I did install and use Netbook Ubuntu for a month or two on my netbook, but I found the command line really confusing, certain drivers were still missing, I couldn't stream Netflix, and my music software didn't work and didn't have an acceptable equivalent.
After the Windows 7 SP1 fiasco, I decided to try Ubuntu again, simply because I've heard such good things about it. And I'm really, really happy with it. All of my driver and software problems have been fixed in the meantime ('cept for Netflix, and there's a (crappy) workaround for that). I've done the same kind of UI customization, and I'm working on learning Bash, which is the Ubuntu command line. I'm somewhat relieved to learn that the million little utilities I designed for myself in Windows can be scripted very, very easily in Linux. Actually, most of them are built-in commands (hello, wget).
Right now there's nothing I was doing in Windows that can't be done as well or better in Linux. Granted, Portal 2 came out after I stopped using Windows, but sooner or later someone will make it work. That might have happened already, actually.
I've always been semi-evangelical about open-source software, so Linux has always seemed like a good idea, but one with a high intellectual entrance fee. Ubuntu is sort of Linux for dummies; it's simple, clean, capable, and is always there to hold your hand. I chose it over other distributions because it has a large, supportive community and has a reputation of usability, right out of the box. I'm actually starting to wish I'd started with Gentoo, which sacrifices user-friendliness in favor of power. Not that I have any complaints, it's just that Ubuntu comes with permanent training wheels which I probably don't need.
Anyway, all of this is to say that it's helped me identify something about my learning style which I wish I'd noticed a long time ago: When something new frustrates me, I need to let it sit for a while before tackling it again. The syntax of the Linux command line confused the hell out of me the first time, but coming back to it more recently, I've found it easier to learn. There's a notoriously difficult-to-configure utility called Conky which displays system statistics on your desktop (ala Rainmeter or Samurize on Windows (Geektool if you're a Mac user)). I got upset and gave up the first time I tried to figure it out, but last night I managed it in front of the TV, and I have a pretty good idea of what happened in the show (Andy's out of the army, Shane's in Christian school, and Nancy's going to have to sell heroin for U-Turn).
I can see this pattern in my school experience, as well. Math concepts and new music are easier for me to master if I get a taste of something and then forget about it for awhile before returning to it.

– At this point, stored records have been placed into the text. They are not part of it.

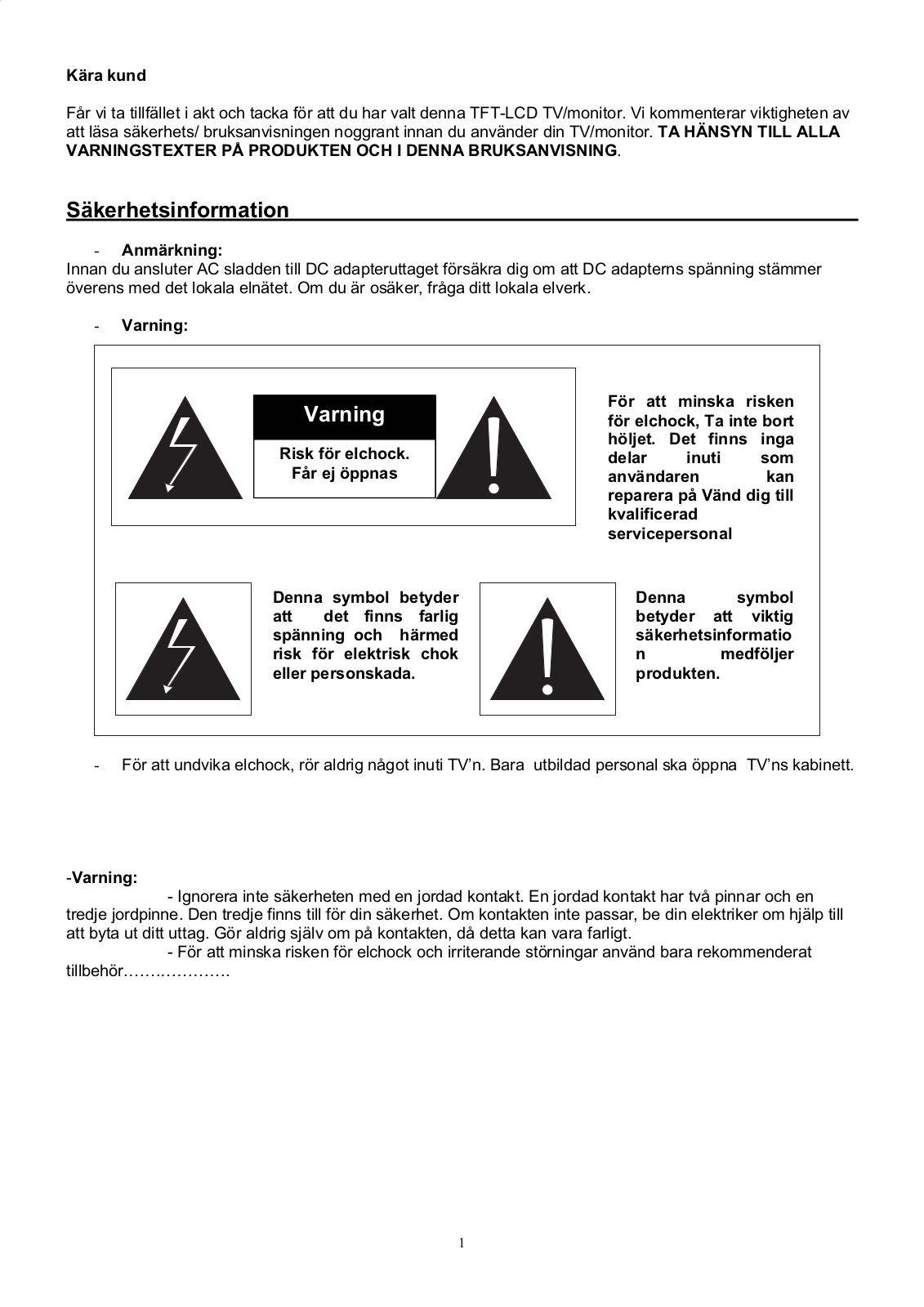 Denver DFT-1511 Instruction Manual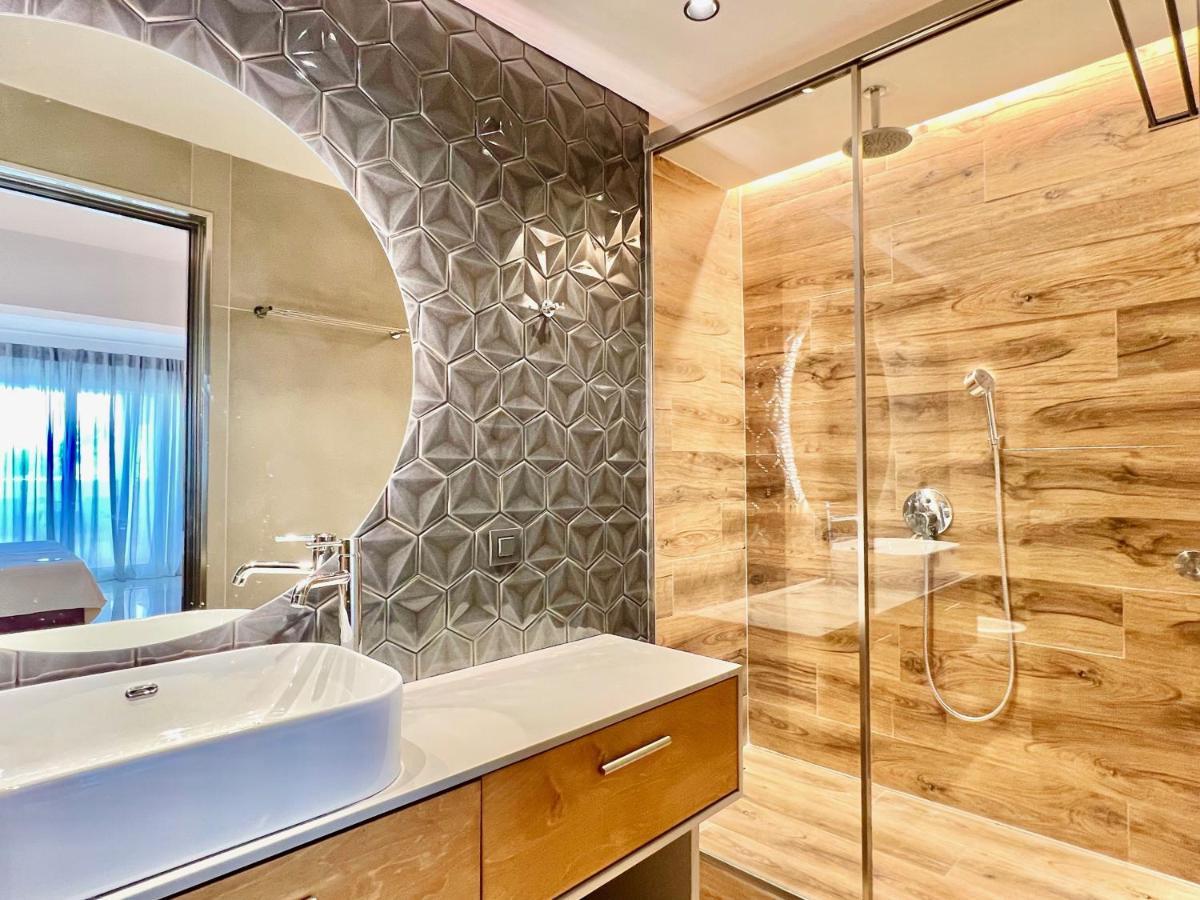 Luxury Villa Barbati Sun With Private Pool By Dadovillas Екстериор снимка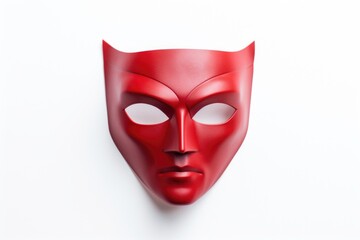 A red mask on a white background. Ideal for costume parties and masquerade events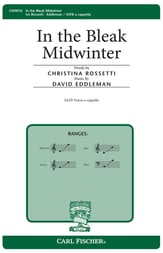 In the Bleak Midwinter SATB choral sheet music cover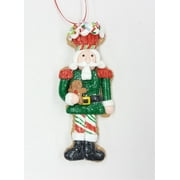 Holiday Time Soldier With Gingerbread Boy Ornament, 5.5"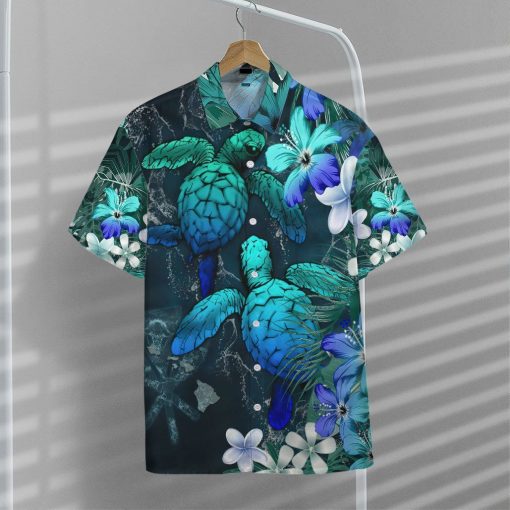 Gearhumans 3D Sea Turtle Tropical Hibiscus And Plumeria Blue Hawaii Shirt 11 Gearhumans 3D Sea Turtle Tropical Hibiscus And Plumeria Blue Hawaii Shirt ZZ02045 Hawai Shirt
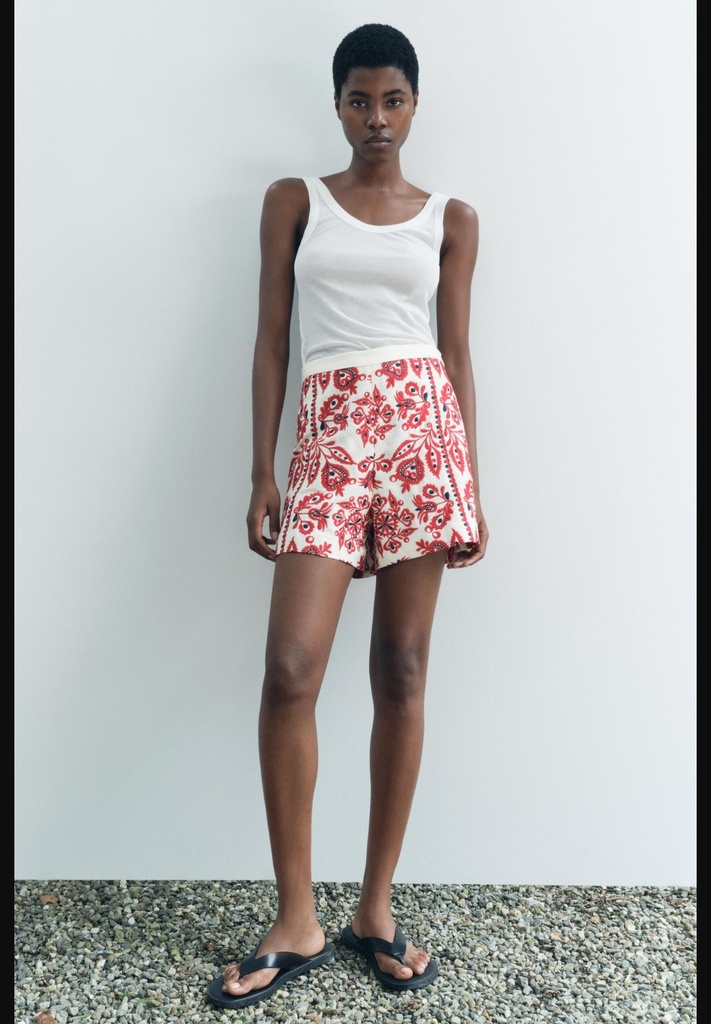 Шорты-бермуды с вышивкой из коллекции zw collection ZARA 2731/265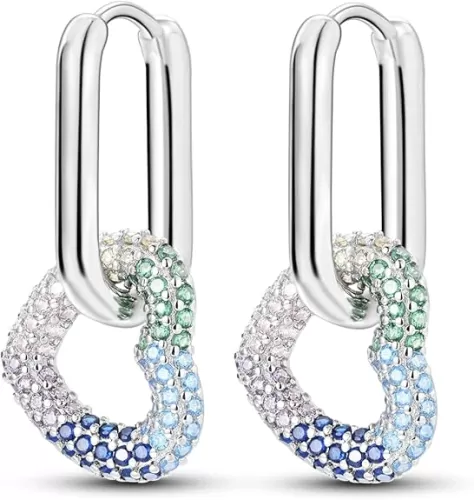 Parmuz 925 Sterling Silver Dangle Drop Hoop Earring for woman Boho vintage Feather Dangling Earring set purple Dream Catcher Simple Small Huggie earring Jewelry Gift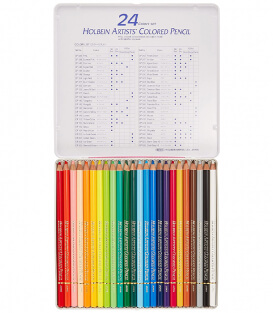 Набор карандашей Holbein Artists' Coloured Pencil (24 штуки)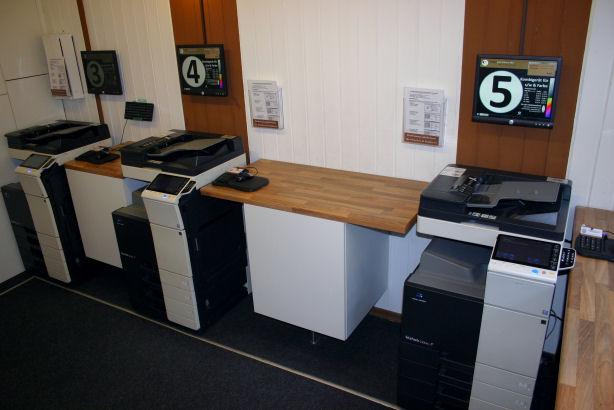 Copying in the print shop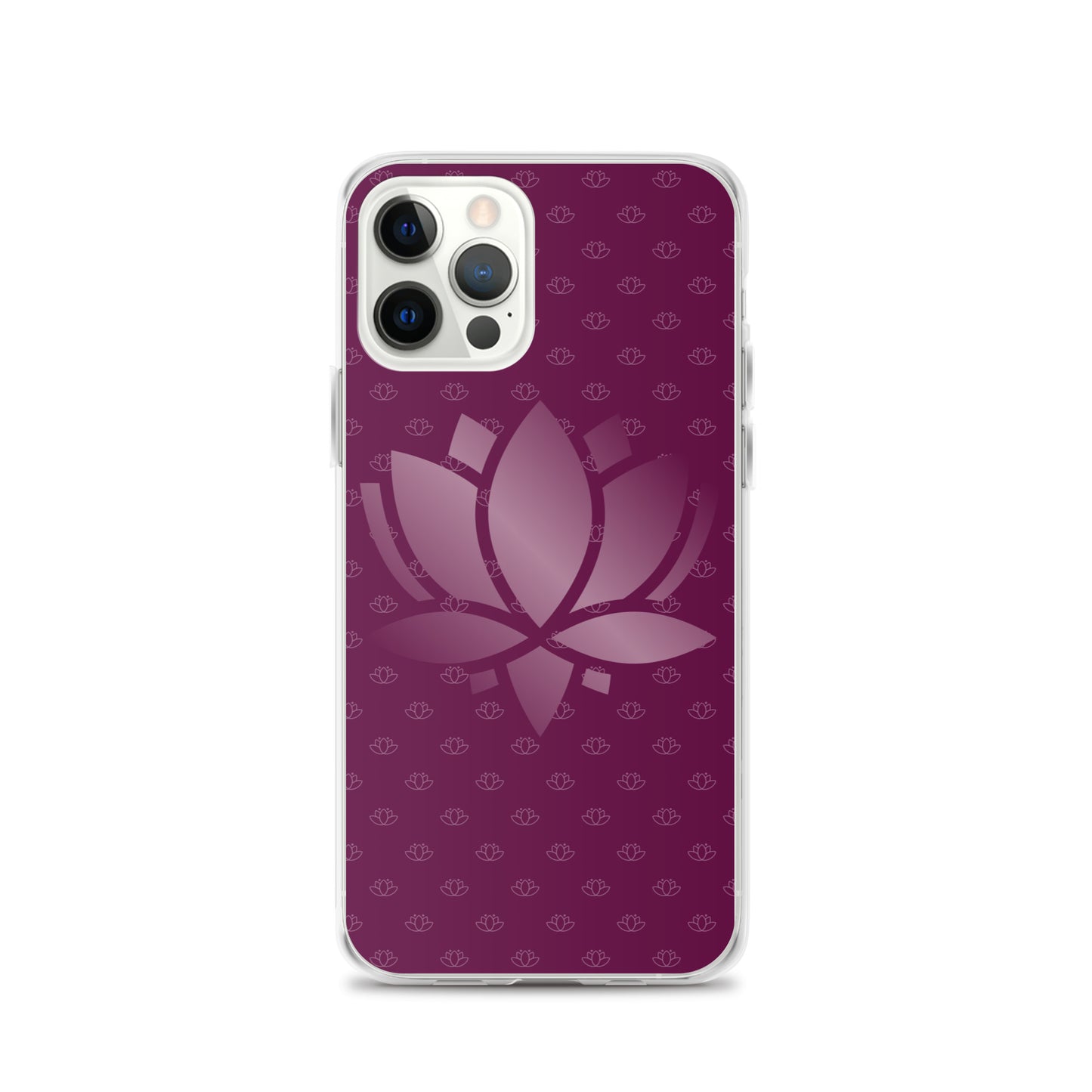 Lotus Flower Purple Power Clear Case for iPhone®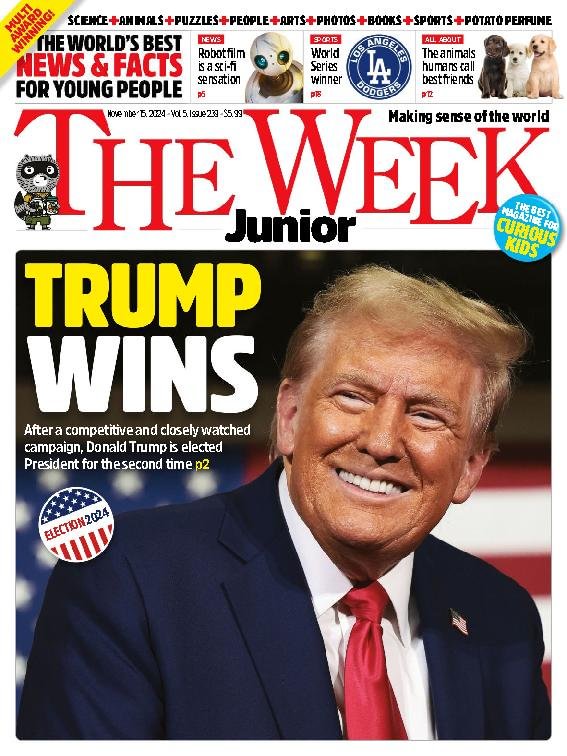 The-Week-Junior November 15, 2024 Issue Cover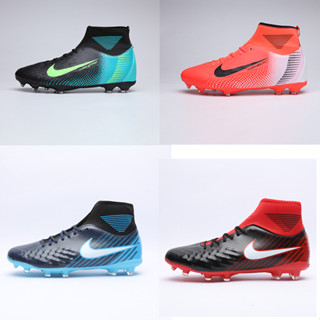 รองเท้าสตัส Nike รองเท้าฟุดบอล รองเท้าฟุตซอลหุ้มข้อ รองเท้าสตาร์ท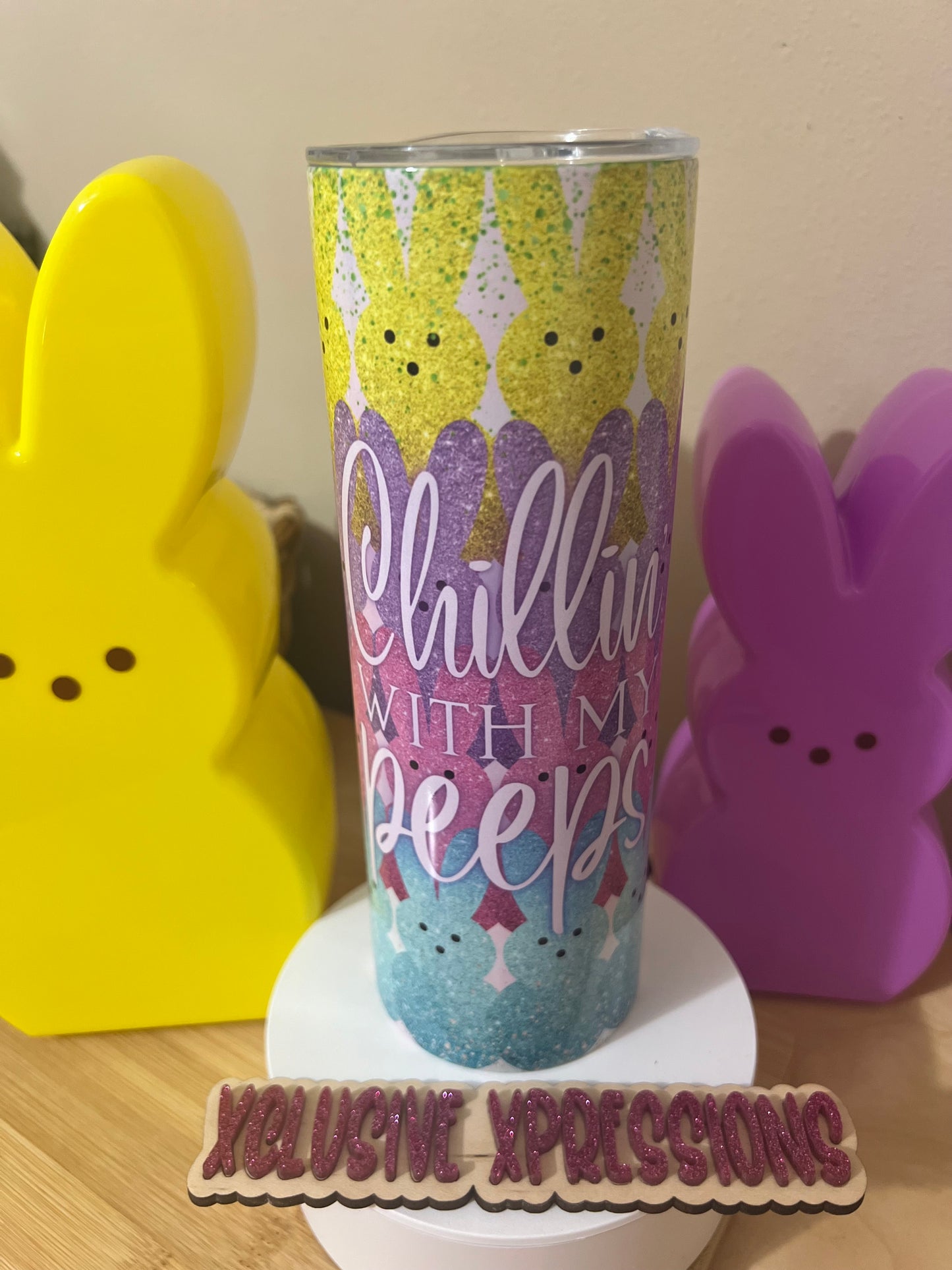 20 oz Chilln’ With My Peeps Sublimated Tumbler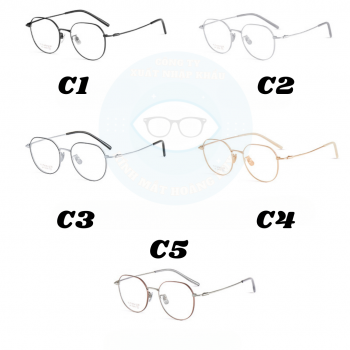 Gọng kính kim loại mã 6208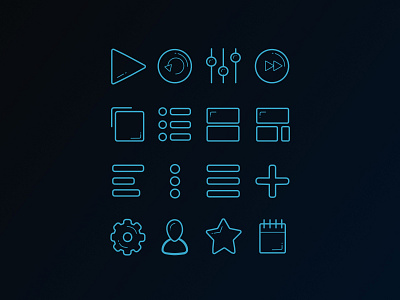 Icon design icon music music icons web design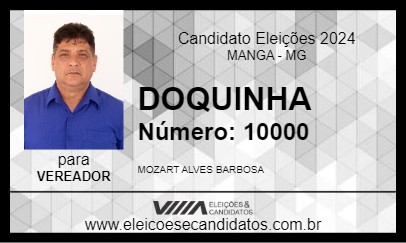 Candidato DOQUINHA 2024 - MANGA - Eleições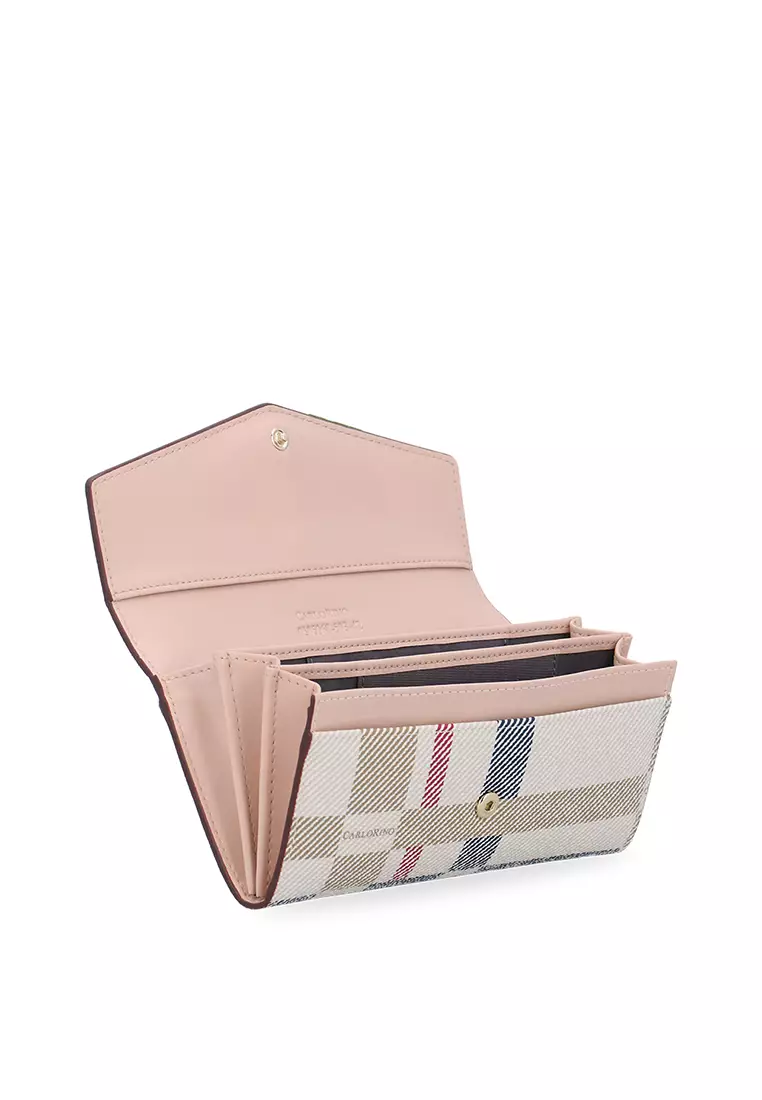 CR Windsor 2-Fold Wallet - Medium Beige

I had better luck in my programming classes when I had to schedule short bursts of time on the mainframe than when I actually sat down in front of my own PC for hours at a time.
I see it my appreciation of art, too. Songs I hated on the first listen are much better a week later, and movies are often significantly better (or worse) the second time around. When this happens, my second opinion is the one that sticks through subsequent viewings.
I don't know what this means. Maybe my preconceptions are too strong for me to absorb new information until I've had some time to adjust my perspective. It's too bad if that's the case, because I'm not sure I'll ever be mindful enough to recognize that when it's happening.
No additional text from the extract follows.